EXERCISE REQUIREMENTS => Don't include any picture when you restate the data word for word.
--- INPUT Enclosed Below ---
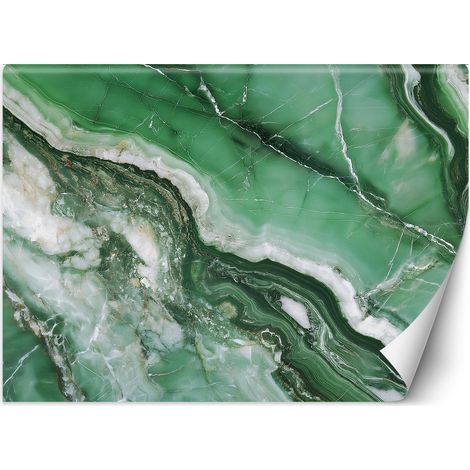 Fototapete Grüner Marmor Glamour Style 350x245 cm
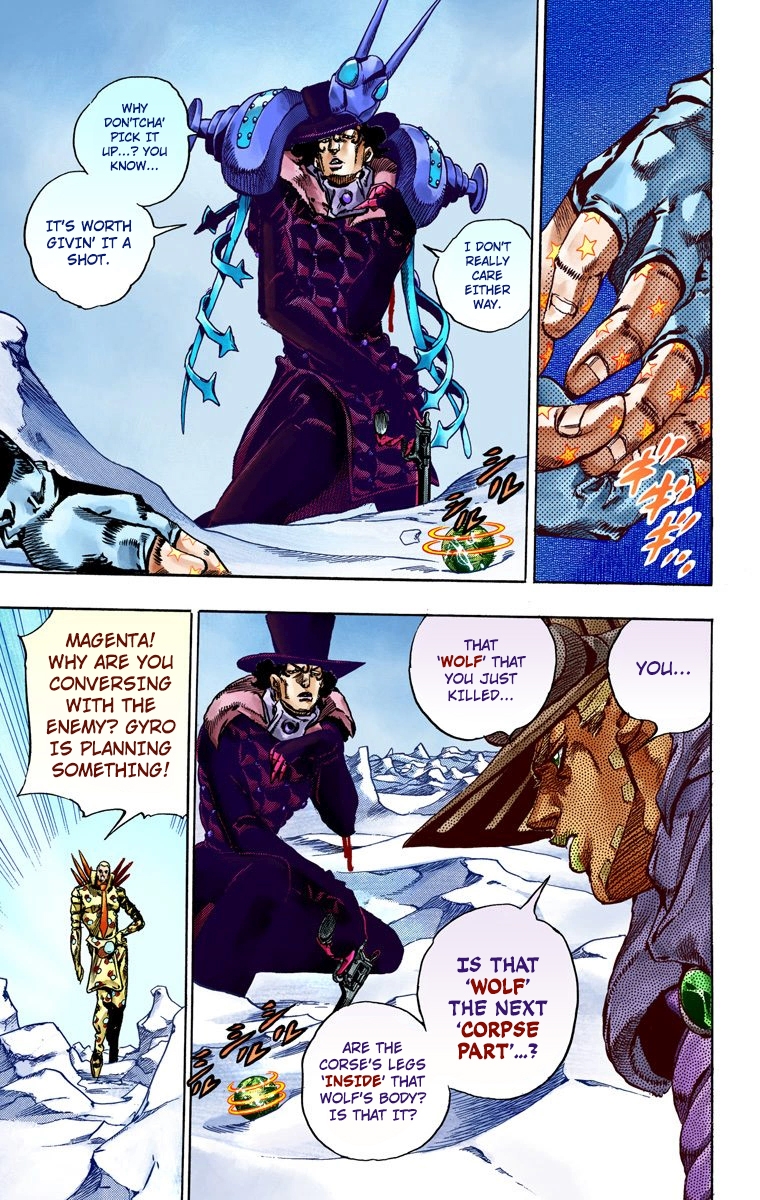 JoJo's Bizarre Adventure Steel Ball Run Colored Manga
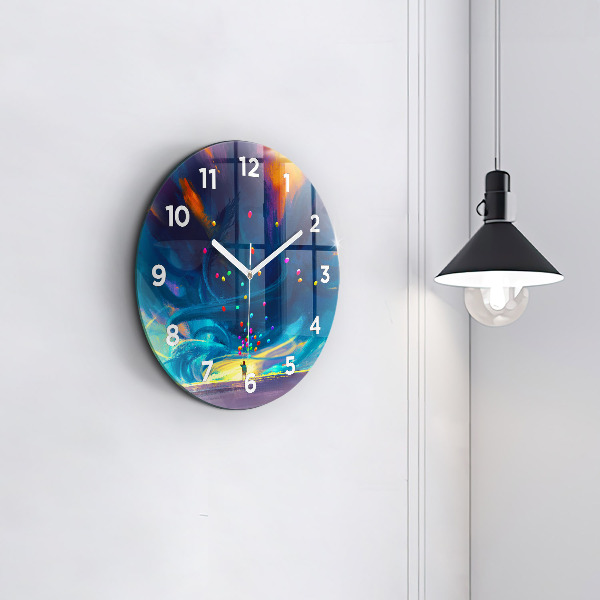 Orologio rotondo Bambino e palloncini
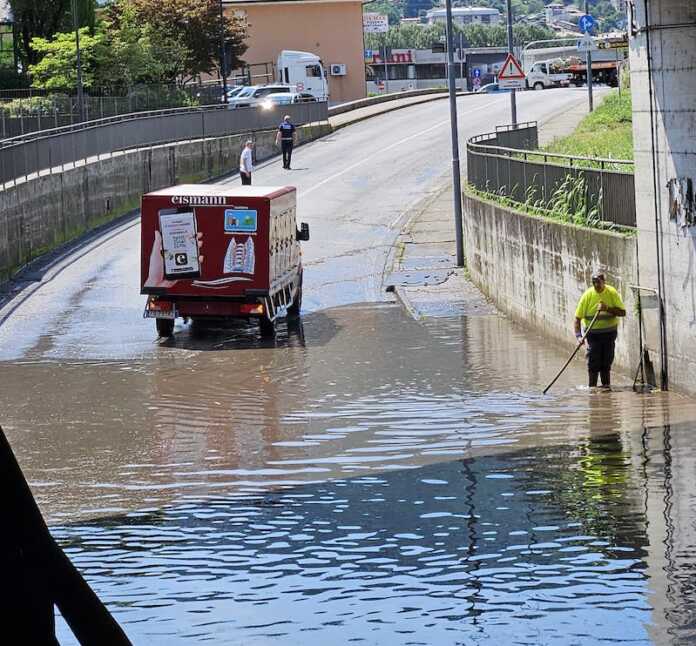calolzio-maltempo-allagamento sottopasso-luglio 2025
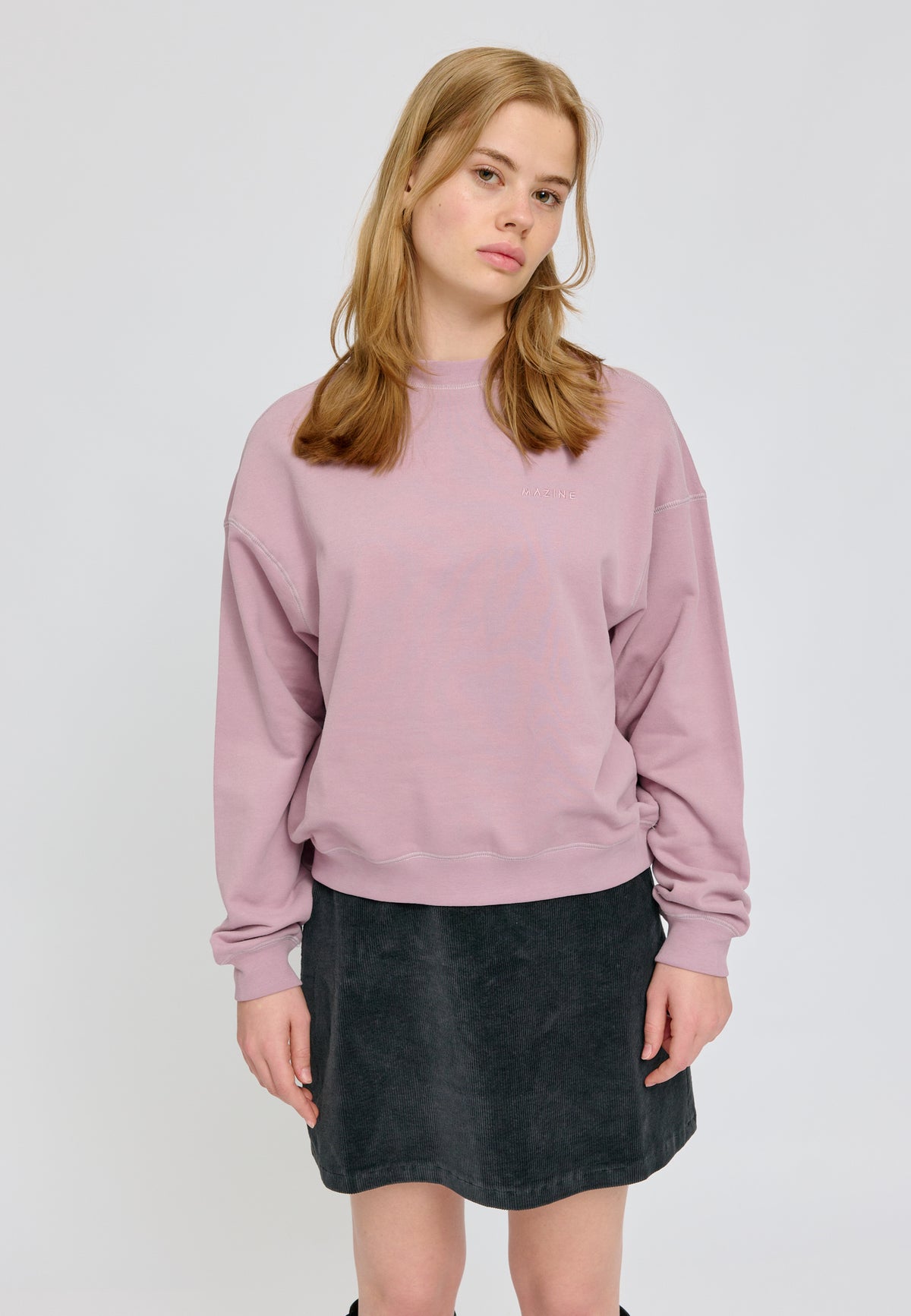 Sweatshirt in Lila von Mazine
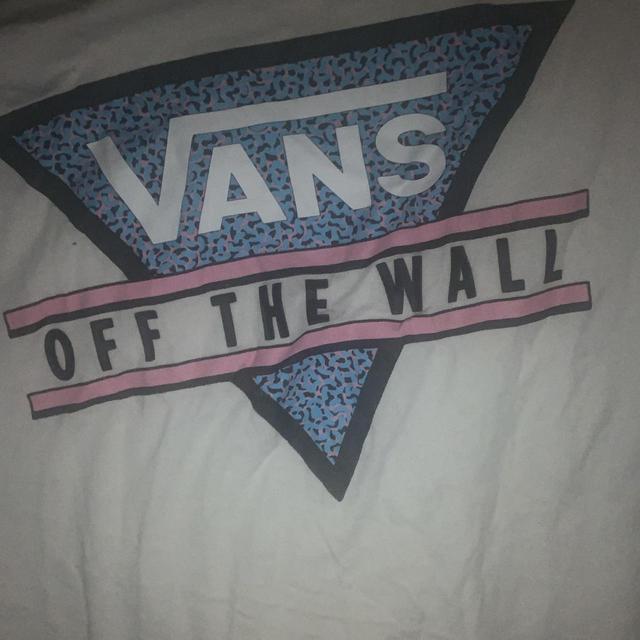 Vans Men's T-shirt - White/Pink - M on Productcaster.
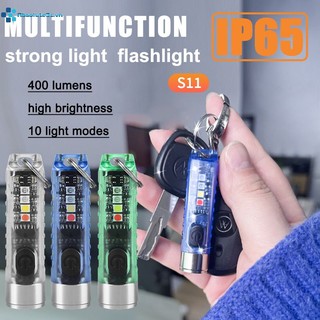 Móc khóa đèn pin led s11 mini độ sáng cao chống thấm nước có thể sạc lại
--- End of Enclosed INPUT ---
THE ANSWER =>
 Fototapete Grüner Marmor Glamour Style 350x245 cm
 JoJo's Bizarre Adventure Steel Ball Run Colored Manga
 Orologio rotondo Bambino e palloncini
calolzio-maltempo-allagamento sottopasso-luglio 2025
 Sweatshirt in Lila von Mazine
 Vans Men's T-shirt - White/Pink - M on Productcaster.
 Móc khóa đèn pin led s11 mini độ sáng cao chống thấm nước có thể sạc lại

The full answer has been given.